We need to analyze the trace files every day on the “TNS-12535: TNS
peration timed out” for example for all the databases in the
/oracle/diag/rdbms/*/*/trace directory. Where the * is the name of the database twice for clarification.
Here is MY THINKING and what I got so far.
find /oracle/diag/rdbms/*/*/trace –type f -name '*d00*.trc' -mtime 0 -exec egrep -c 'TNS-12535: TNS
peration timed out' '{}' '+'
OUTPUT:
/oracle/diag/rdbms/abcdef/abcdef/trace/abcdef_d001_21751.trc:11
/oracle/diag/rdbms/abcdef/abcdef/trace/abcdef_d000_21750.trc:27
/oracle/diag/rdbms/ghijkl/ghijkl/trace/ghijkl_d001_22002.trc:61
/oracle/diag/rdbms/ghijkl/ghijkl/trace/ghijkl_d000_22001.trc:57
GOAL: My final OUTPUT will be the same as above but with lesser numbers and/or lesser lines.
Now I need to go through these 4 above looking for the data in this case ‘2015-01-26’. First though I need to remove the excess information on the string the colon and the number . I do that by using awk. Here is my syntax:
find /oracle/diag/rdbms/*/*/trace -type f -name '*d00*.trc' -mtime 0 -exec egrep -c 'TNS-12535: TNS
peration timed out' '{}' '+' | awk -F: '{print $1}'
OUTPUT: Notice there are no trailing : or numbers.
/oracle/diag/rdbms/musidp/musidp/trace/musidp_d001_21751.trc
/oracle/diag/rdbms/musidp/musidp/trace/musidp_d000_21750.trc
/oracle/diag/rdbms/musiop/musiop/trace/musiop_d001_22002.trc
/oracle/diag/rdbms/musiop/musiop/trace/musiop_d000_22001.trc
You would think that the following addition to the syntax would work
| egrep –c ‘{}’ ‘+’ would work returning some or all of the same output files as before but fewer numbers for example.
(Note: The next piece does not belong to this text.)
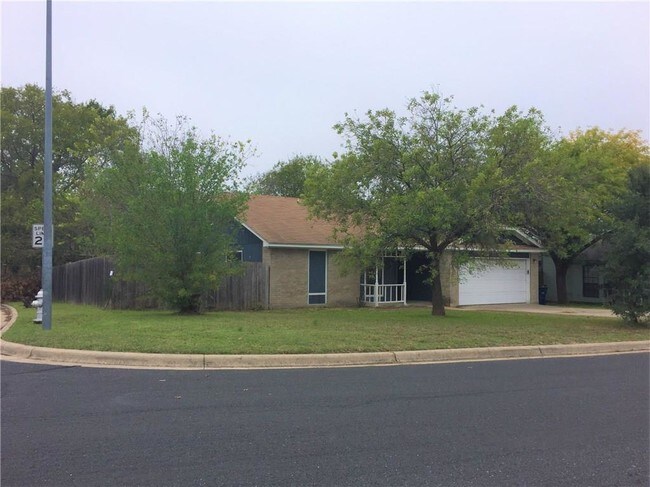 Foto del edificio - 11600 Prairie Hen Ln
These numbers are what I am looking for. These represent all trace files for all databases for only today that had disconnects with different timestamps during that day.
Ex.
/oracle/diag/rdbms/abcdef/abcdef/trace/abcdef_d001_21751.trc:
6
/oracle/diag/rdbms/abcdef/abcdef/trace/abcdef_d000_21750.trc:
14
/oracle/diag/rdbms/ghijkl/ghijkl/trace/ghijkl_d001_22002.trc:
25
/oracle/diag/rdbms/ghijkl/ghijkl/trace/ghijkl_d000_22001.trc:
31
But it doesn’t. It produces the following:
find /oracle/diag/rdbms/*/*/trace -type f -name '*d00*.trc' -mtime 0 -exec egrep 'TNS-12535: TNS
peration timed out' '{}' '+' | awk -F:| egrep -c '2015-01-26'
OUTPUT:
awk: syntax error near line 1
awk: bailing out near line 1
0
Can someone please suggest what I is written wrong in the syntax above or maybe an entirely another way of accomplishing this project?
It would be much appreciated.
Thanks in advance.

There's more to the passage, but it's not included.